Indeed, it now appears that, despite rising tensions over the bilateral trade
balance and the value of the Chinese currency, the realists centered in the
State Department have decisively wrested control over US China policy, thanks
largely to Beijing's own behavior and rapidly growing influence.
"The administration has come to the conclusion that strategic engagement is the
only viable option on relations with China," said Garrett.
That Washington's major problem today is over currency, he said, illustrates
the degree to which Sino-US relations have stabilized. "This is the kind of
problem we have with Japan," Garrett said. "We're at the point where we can
have differences in one area without it threatening other aspects of the
relationship."
Alan Romberg, a retired State Department Asia expert now with the Henry Stimson
Center, a think-tank that focuses mainly on arms issues, agreed.
"China seems to have made a strategic decision early in this administration to
avoid confrontation with the US on any major issue, if that is at all
possible." The Iraq vote, he said, has served the purpose not only of ensuring
the UN's relevance but also of cementing the relationship with Washington.
None of this is good news to the hardliners who see Beijing's recent moves as
tactical rather that strategic and thus designed precisely to constrain US
freedom of action in webs of multilateral agreements and forums. But they are
clearly losing the argument within the Bush administration.
Rumsfeld ostentatiously dragged his feet on restoring military ties that were
suspended in the spring of 2001, when Beijing held a US surveillance aircraft
and its crew for two weeks after they made an emergency landing on Hainan
Island following a collision with a Chinese fighter jet.
Despite a White House decision to begin normalizing those ties after September
11 in the greater interest of the "war on terrorism", Rumsfeld did what he
could to slow the process, even refusing to permit the military attache posted
to the Chinese Embassy to enter the Pentagon for 16 months.
In recent months, the normalization process, including port visits by two US
navy vessels, has picked up speed. And, in what were described in the
Pentagon's laconic lexicon as "productive and constructive talks", Rumsfeld and
Cao agreed to further exchanges during 2004.

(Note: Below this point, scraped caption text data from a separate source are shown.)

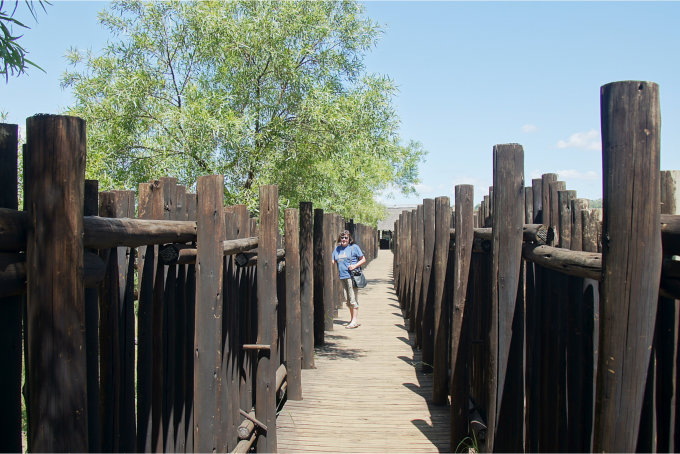 Pilanesberg-37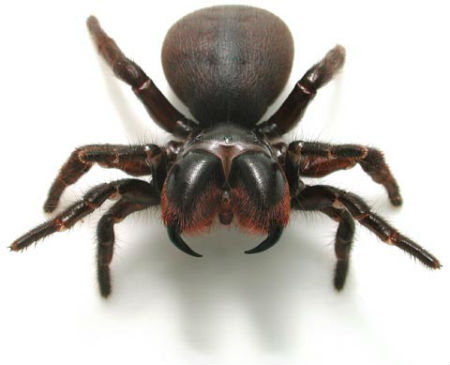 Image result for spider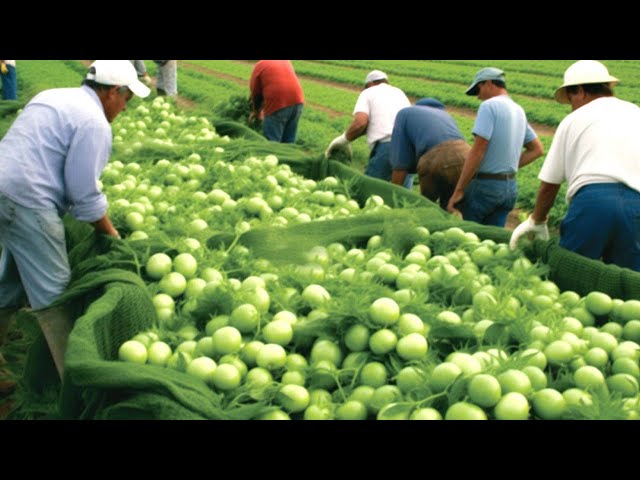 How To Harvest Thousands Of Tons Of Agricultural Products In 2023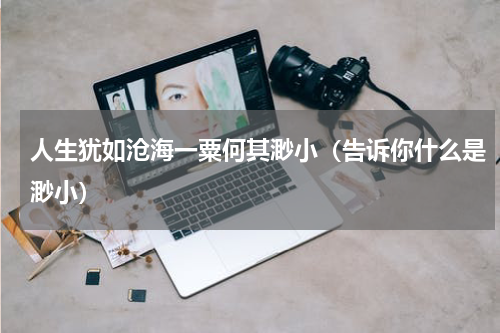 人生犹如沧海一粟何其渺小（告诉你什么是渺小）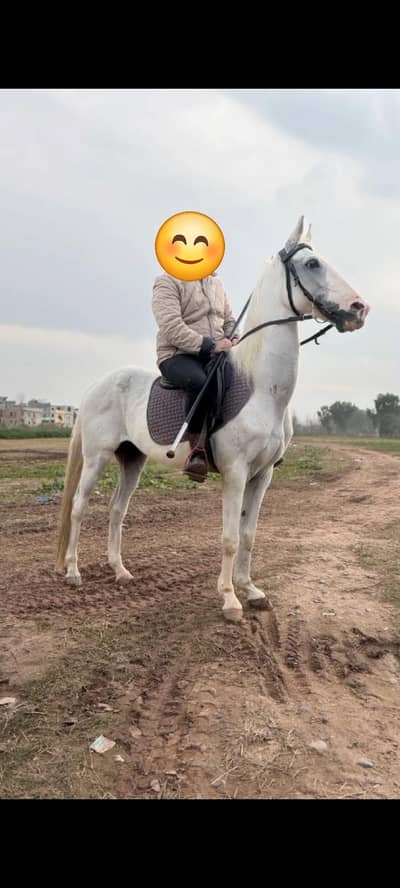 Sasta Horse Ghora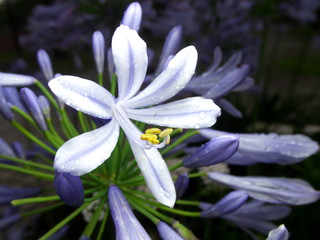 Closeup of Blue flowers of Agapanthus or African lily in the rain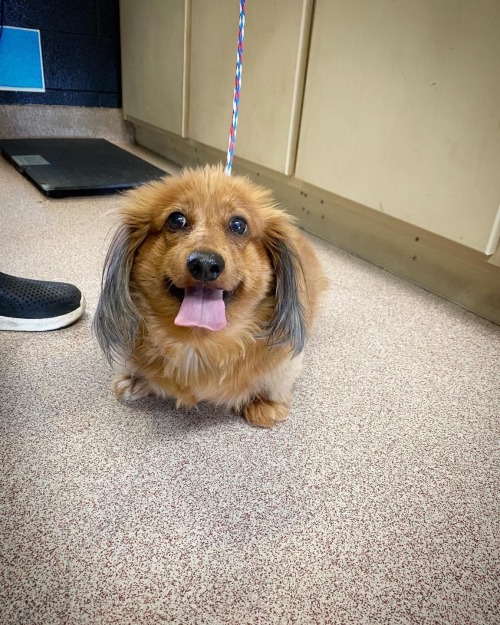 sleepy-bebby:Adopted  :)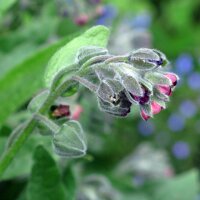 Lengua de perro / Cinoglosa (Cynoglossum officinale) orgánica semillas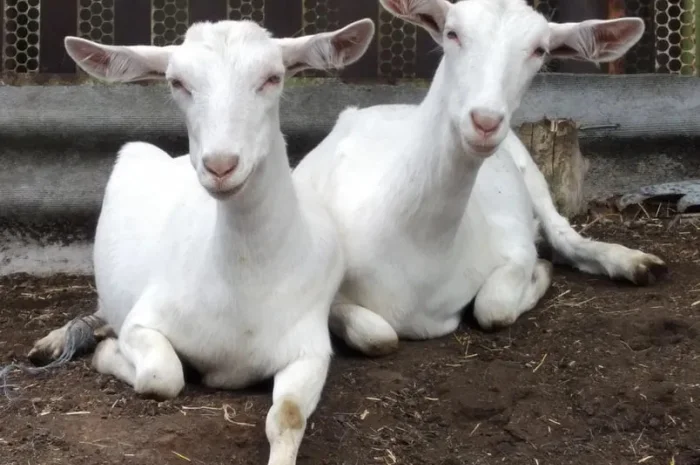 Продаж чистокровних зааненських козочок- фото № 1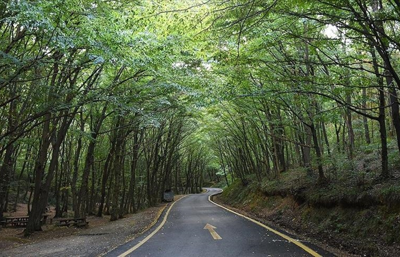 Muğla'da 1 Mayıs'tan itibaren bazı yeşil alanlara giriş yasağı başlıyor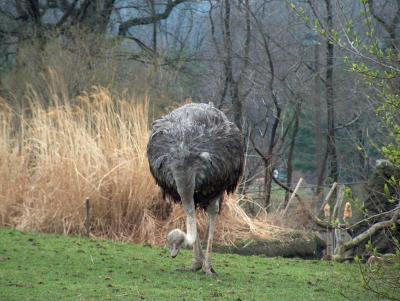 Ostrich searches for food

Significantly, State Department spokesman Richard Boucher was more enthusiastic
about Cao's meeting with Secretary of State Colin Powell, even taking a dig at
the Pentagon.
Not only did the two men have a "very friendly meeting [and] a very
broad-ranging discussion", he said, but Powell expressed his "strong support
for the progress that's been made in the relationship, and the hope that we can
see even more progress, including on the military-to-military relationship".